I have $245,000 of equity.
That all sounds great but the important question is ‘how can I use equity to buy a house or an investment property’?
If you want to buy an investment property, you can access 80% of your home’s equity which is then used as security, which means you don’t need to find a deposit. I can almost hear your thoughts right now! Amazing right?!
Why only 80%? Because that’s what the banks will generally give to you. You can possibly access more but you’ll need to pay for something called Lender’s Mortgage Insurance. I’ll touch on this in another post.
As a quick guide to calculating how much you can actually borrow from the bank to buy a property, a very simple way to do this is by taking the usable equity amount (the 80% figure) and multiplying it by 4. Don’t ask my why we multiply it by four. I know there is some maths behind it but I just consider it as a general rule of thumb in the property world.
Using my example above, this is how we would calculate it:
Equity = $245,000
Usable equity = $196,000 (80% of $245,000)
Possible loan amount = $784,000 ($196,000 x 4)
Now this all sounds fantastic, but it’s important to remember that just because you have equity in your home (or in other investment properties), doesn’t necessarily mean that you can borrow against it. The bank will take into account your income, any kids or dependents that you have, any debts you have and heaps of other things. So make sure you speak to your financial broker about all of this before going out and securing a property.
So if you’ve been thinking that you can’t buy a property because you don’t have any money, think again! Let’s look at what you can do right now to perhaps turn all of that around:
1. Get a valuation done on your current home (or investment properties if you have any)

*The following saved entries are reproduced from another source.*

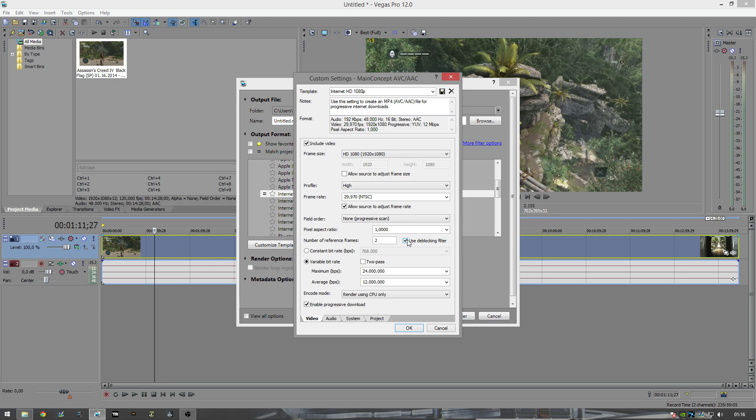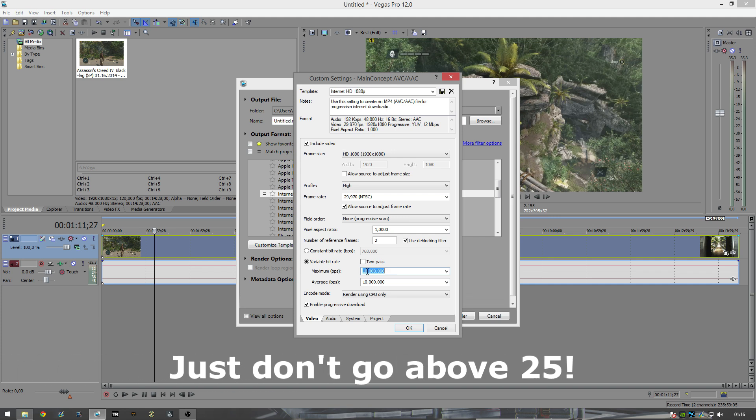Variable bit rates, don't click this. It'll take longer to render without a real bump up in quality. You want to set this to 8 million.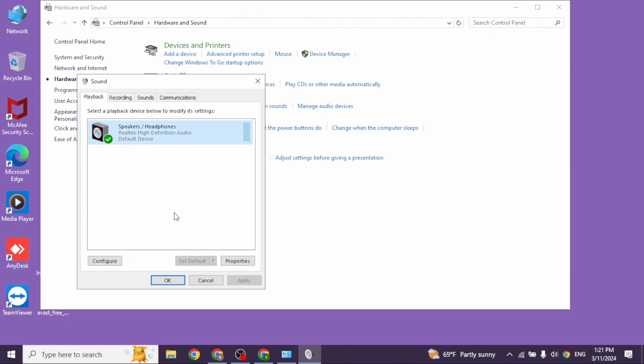Following these steps, your problem will be fixed. So this is how you can fix microphone not working on Windows 10.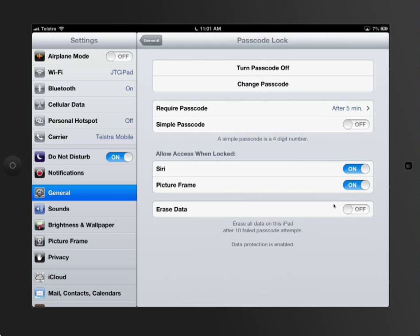Erase data. Interestingly, you can actually set it up to erase all data on the iPad after ten failed passcode attempts. If you've got a business that's critical, like a lawyer, or critical information on your iPad, and you know that you're not going to forget it ten times, then it would be good to put this on as a fail-safe protection measure. But if you are not sure, then I would, you know, don't put it on. It's one of those things.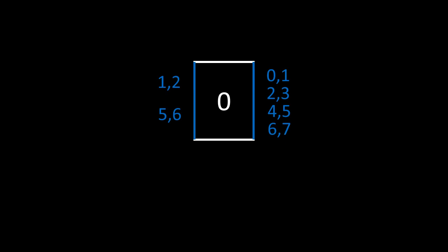On the bottom edge, we have the folds between 0 and 4, 1 and 5, 2 and 6, and 3 and 7.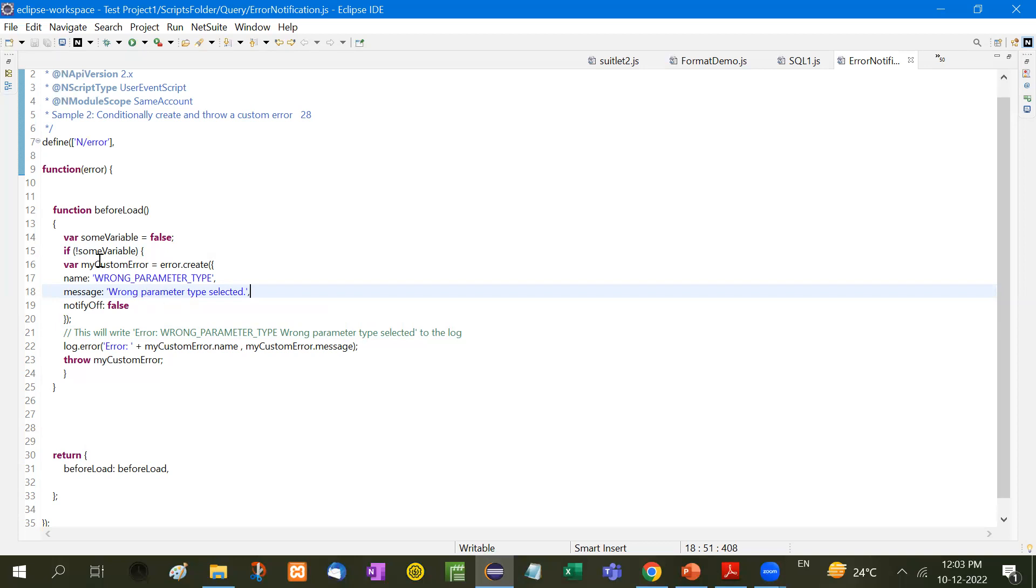So this is how it is used: my custom error error.create here, then name of that error and the message of that error. And in this way we can use it.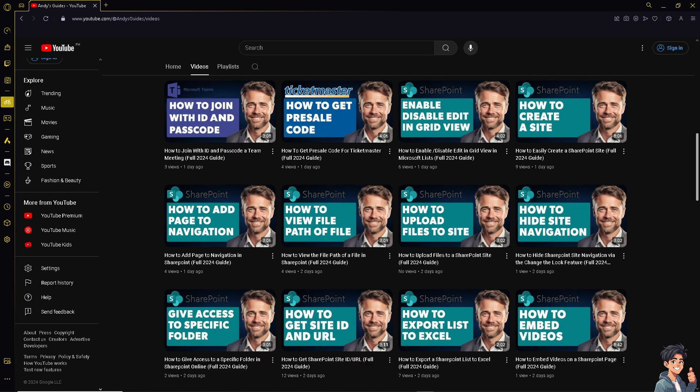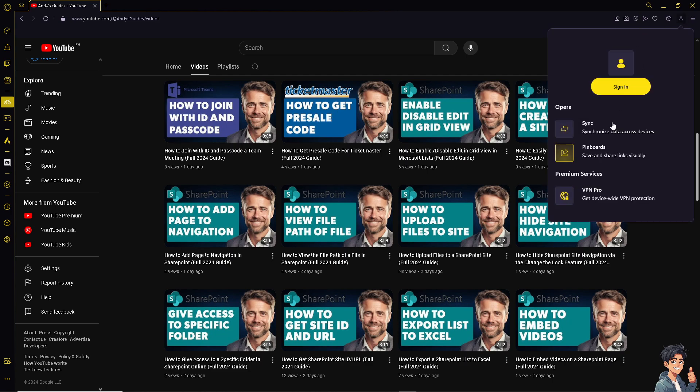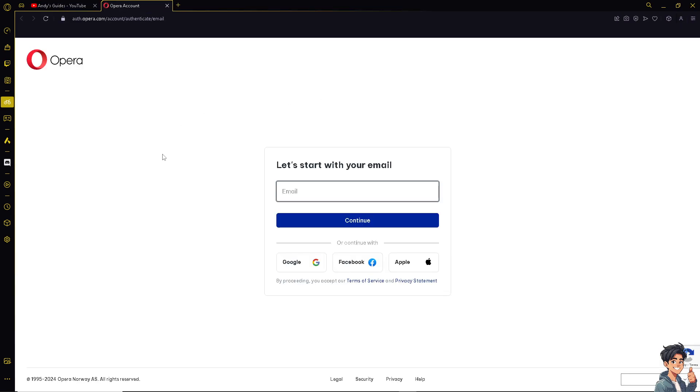Now, once the Opera encrypts the sync data to ensure it's securely transmitted and stored, just click on the sync option here. And of course, you can start with your email. If you don't have an account in Opera, just use the following options. You can use your Google, you can use your Facebook account, and you can use your Apple, or you can simply use your business or working email.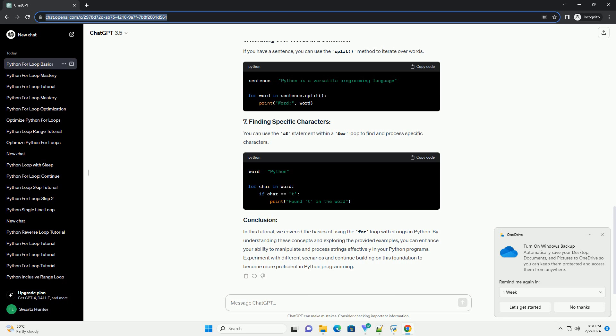You can reverse the iteration by using the colon colon dash one slicing to iterate through the string backward.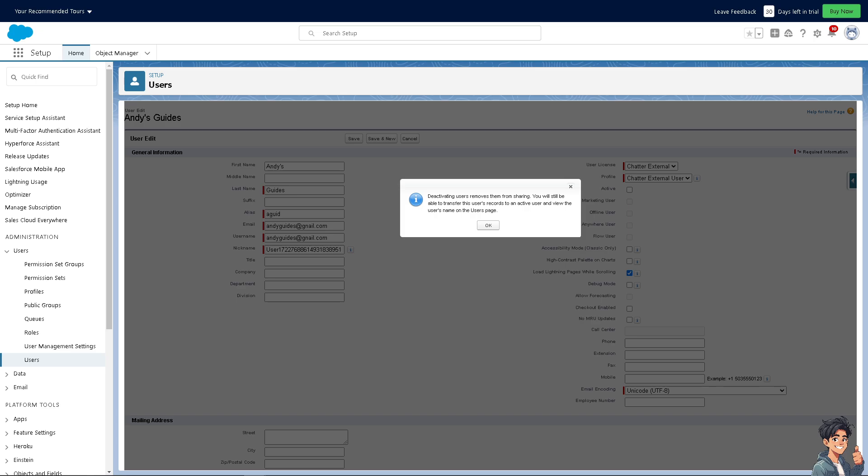Users who have been inactive for extended periods and are not expected to return can be deleted to declutter user lists and simplify user management processes. When deleting or deactivating users, it's crucial to follow best practices to ensure that data integrity is maintained.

You can go to your bank at any time and request a valuation. Usually you can only get them done once every 12 months and when you do, you always hope that the value of the home is MORE than what you paid for it.
2. Calculate how much equity you have available to use
Do this using the example above. Remember that these figures are a rough guide and you’ll need to go to your financial broker or bank to confirm how much they’re happy to lend to you.
3. Organise a new loan (remortgage)
When you do this you’ll be remortgaging your existing loan and accessing your usable equity at he same time. You can access the equity in a few ways but most commonly it will via a line of credit (basically just a big credit card), or access a lump sum of money. I’ve been through this process many times and you usually end up with lower monthly repayments and access to all of your usable equity – win win!
If you’re in a position where there isn’t much difference between the value of your property and the bank loan attached to it, you can look at a couple of different ways to increase this gap and start to build equity:
- pay off more of the loan by making extra repayments
- renovating the property as a way of increasing its worth
- or use the slow method and wait until the value of the property goes up (I’m too impatient for this!)
As your property portfolio grows you continue to access equity at every opportunity because that is what allows you continue to buy more property.